Required action:
Once "Cabaret pendant lamp" turns up in a line below, reproduce that line and those after it exactly, stopping after the line with "Scissor lifts Scissor"; leave pictures out.

Records for processing:
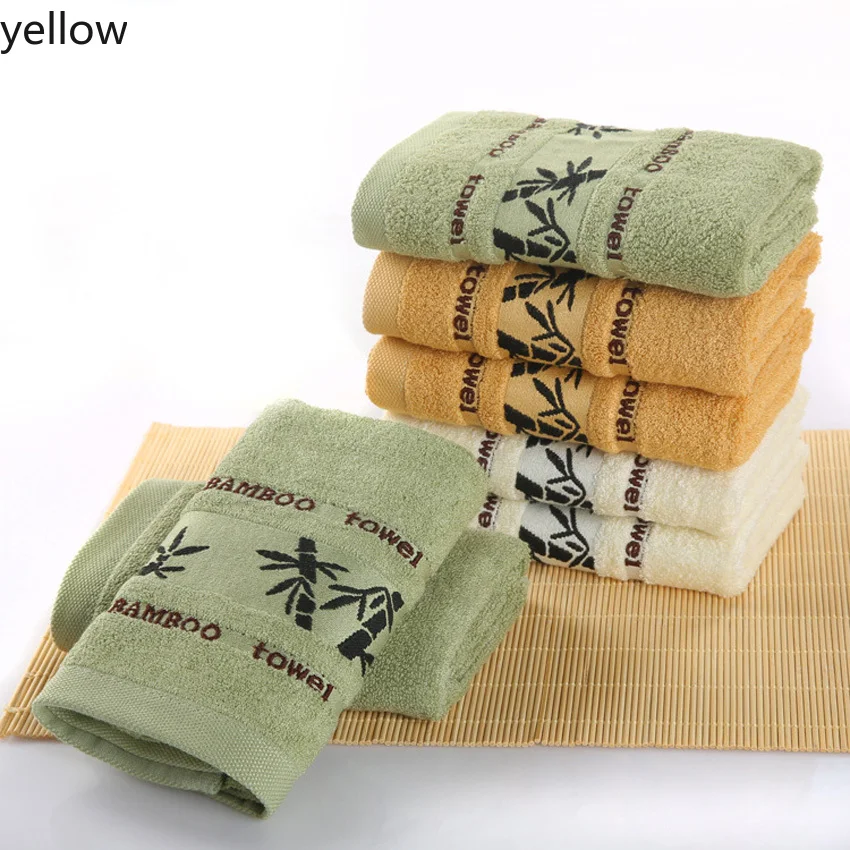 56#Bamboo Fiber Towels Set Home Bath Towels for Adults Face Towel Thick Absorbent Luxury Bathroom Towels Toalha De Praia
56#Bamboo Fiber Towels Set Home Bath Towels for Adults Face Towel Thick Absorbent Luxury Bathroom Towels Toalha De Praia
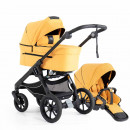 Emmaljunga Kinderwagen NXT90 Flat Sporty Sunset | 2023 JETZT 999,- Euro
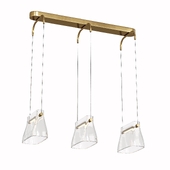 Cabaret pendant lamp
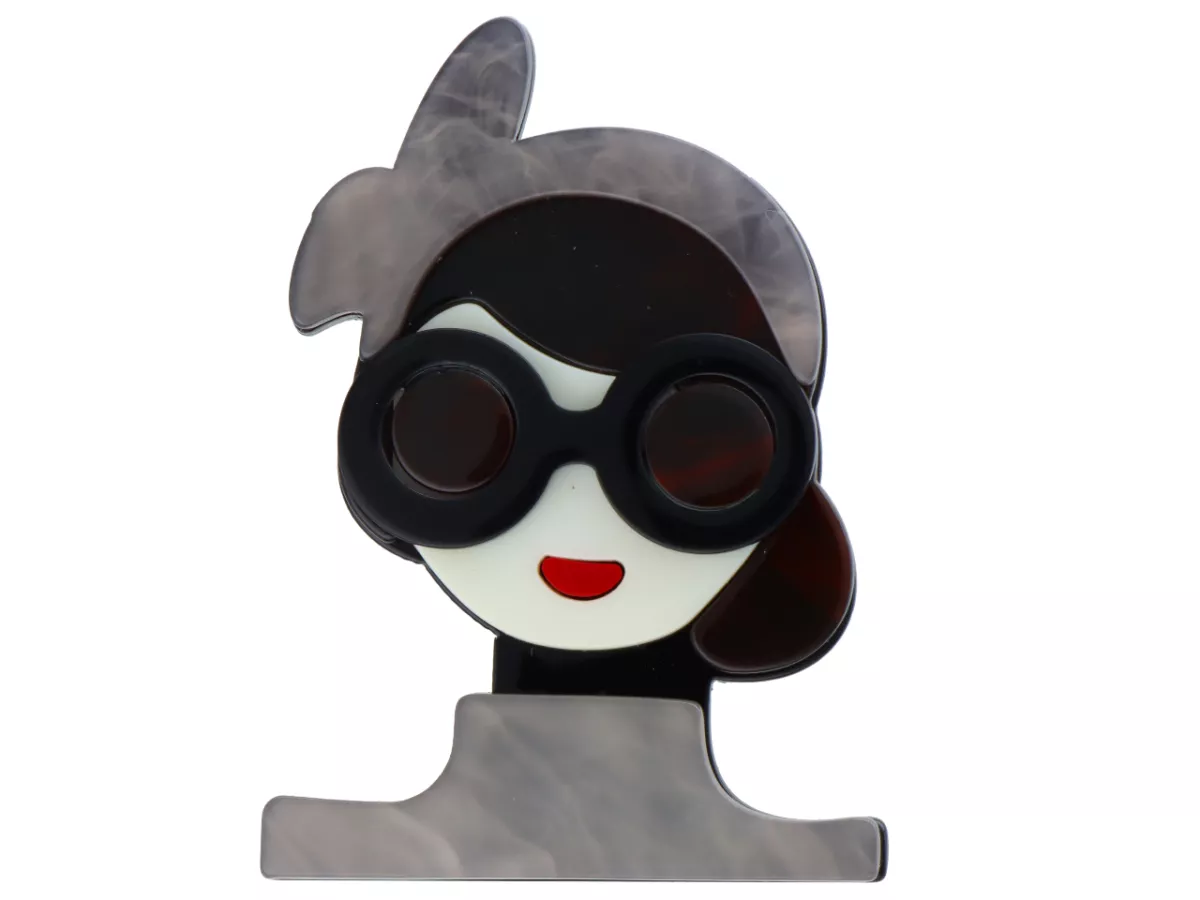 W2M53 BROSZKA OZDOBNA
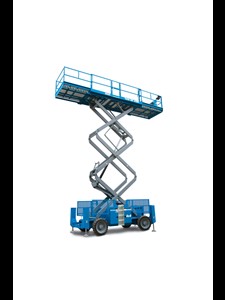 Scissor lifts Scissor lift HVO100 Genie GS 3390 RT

--

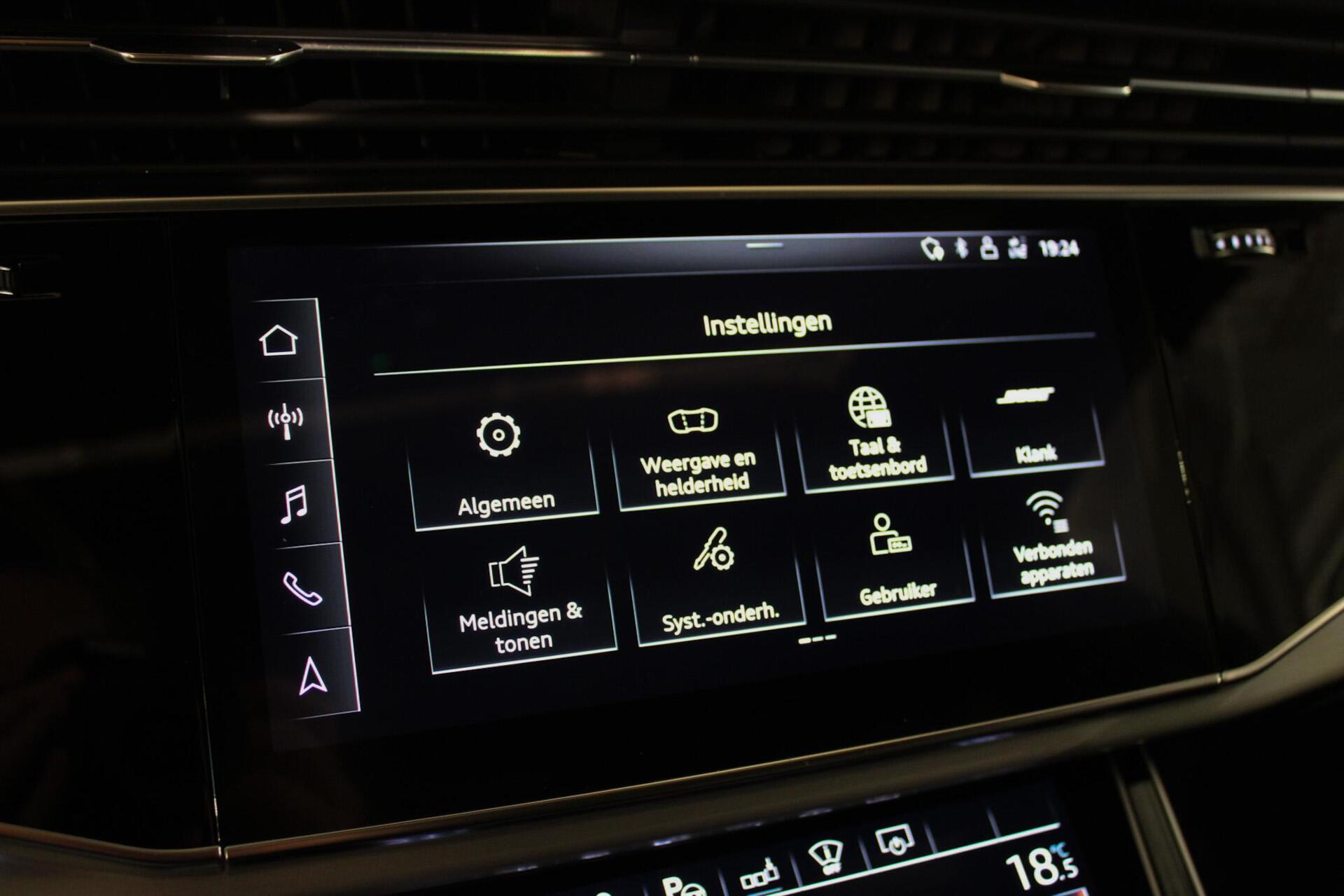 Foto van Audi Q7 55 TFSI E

Result of this task:
 Cabaret pendant lamp
 W2M53 BROSZKA OZDOBNA
 Scissor lifts Scissor lift HVO100 Genie GS 3390 RT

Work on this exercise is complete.